December 30, 2009

Alcohol and Your Body

Tips and facts on drinking smart this New Year's Eve.

As you prepare to ring in a new decade, consider how your body processes alcohol and plan accordingly. The Winnipeg Regional Health Authority would like everyone to have a safe, healthy New Year's Eve - without a visit to our hospitals or facilities as a result of alcohol-related injuries.

What's alcohol?

If you've ever left grape juice in your fridge too long, you know the affects of fermentation.

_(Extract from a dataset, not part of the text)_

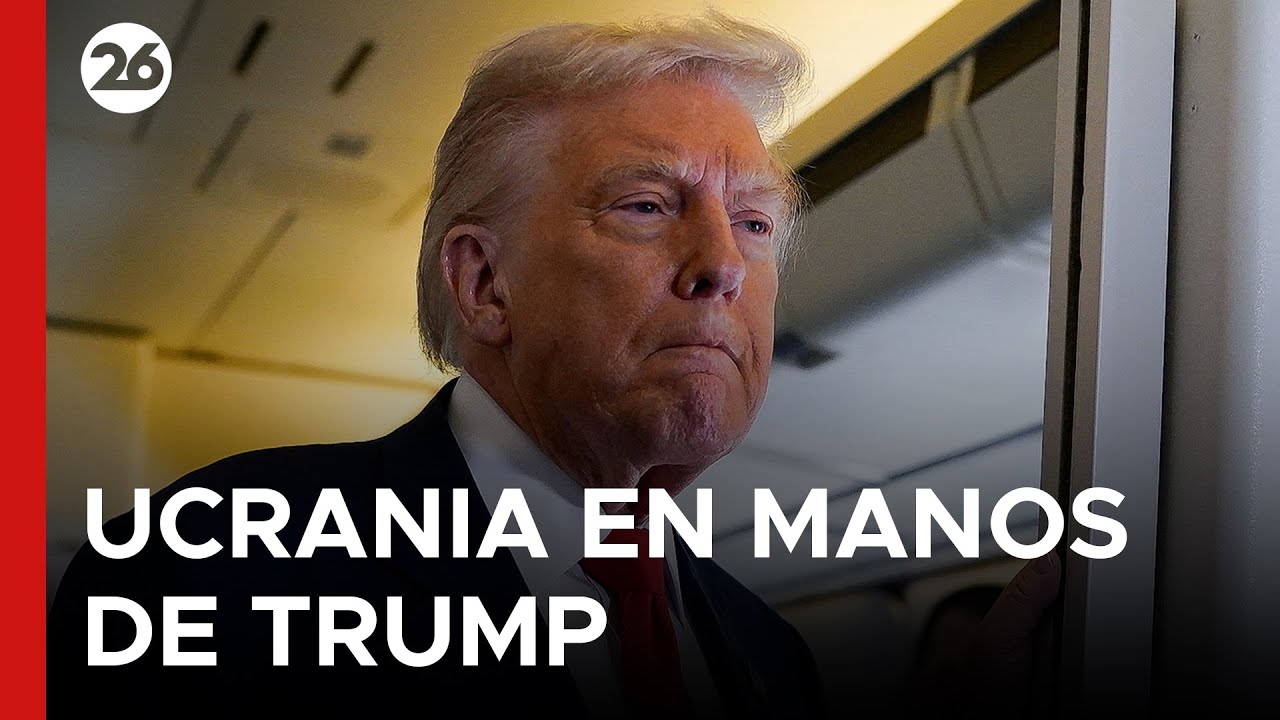 EEUU: El Pentágono aprueba el envío de misiles Tomahawk a Kiev; Trump decidirá su entrega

That's what happens when certain micro-organisms metabolize and create alcohol (or ethyl alcohol).

Beer, wine and other liquor contain alcohol in varying amounts. A glance at the bottle for the percentage (referred to as proof) will tell you the amount of alcohol in distilled liquor.

The body processes alcohol extremely quickly. Food takes time for the body to digest but the body immediately absorbs alcohol.

Did you know?

  • About 20% of alcohol is absorbed directly into the walls of an empty stomach.

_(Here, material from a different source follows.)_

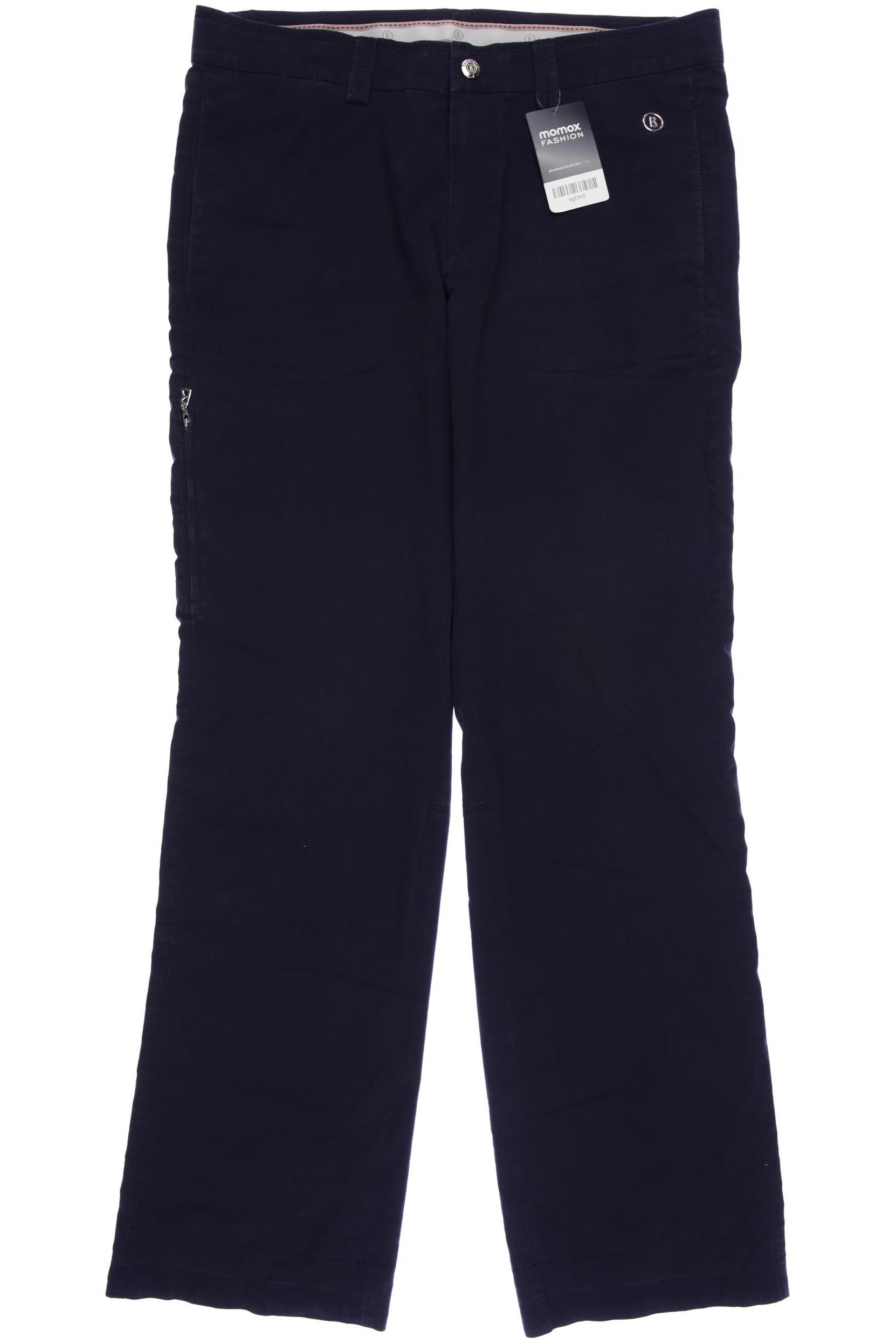 

Bogner Herren Stoffhose, marineblau, Gr. 48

  • Alcohol can reach the brain within one minute.

  • Women's bodies make less of an enzyme that reduces how alcohol enters the bloodstream than men's bodies do.

  • The average liver is able to metabolize about one drink per hour; if more alcohol arrives in the liver than it can process, excess alcohol travels to all part of the body and circulates until the liver enzymes are able to process it.

  • Alcohol may cause euphoria, which decreases appetite (so remember to eat!) but it's actually a depressant. In fact, chemically, alcohol has the opposite chemical make-up of a prescribed anti-depressant.

  • Alcohol has lots of calories, largely due to high sugar content.

Complications of Alcohol Use

Alcohol's impact varies dramatically based on a number of factors, including your body and how often you drink. Here are a few things to consider:

  • Alcohol reduces hormones like serotonin and dopamine (feel good hormones), while increasing the levels of others. As far as your body is concerned, alcohol is a depressant.

  • In high doses, alcohol can be toxic. Symptoms like vomiting, stupor, dehydration, behavioural changes, headache and impaired central nervous system are possible.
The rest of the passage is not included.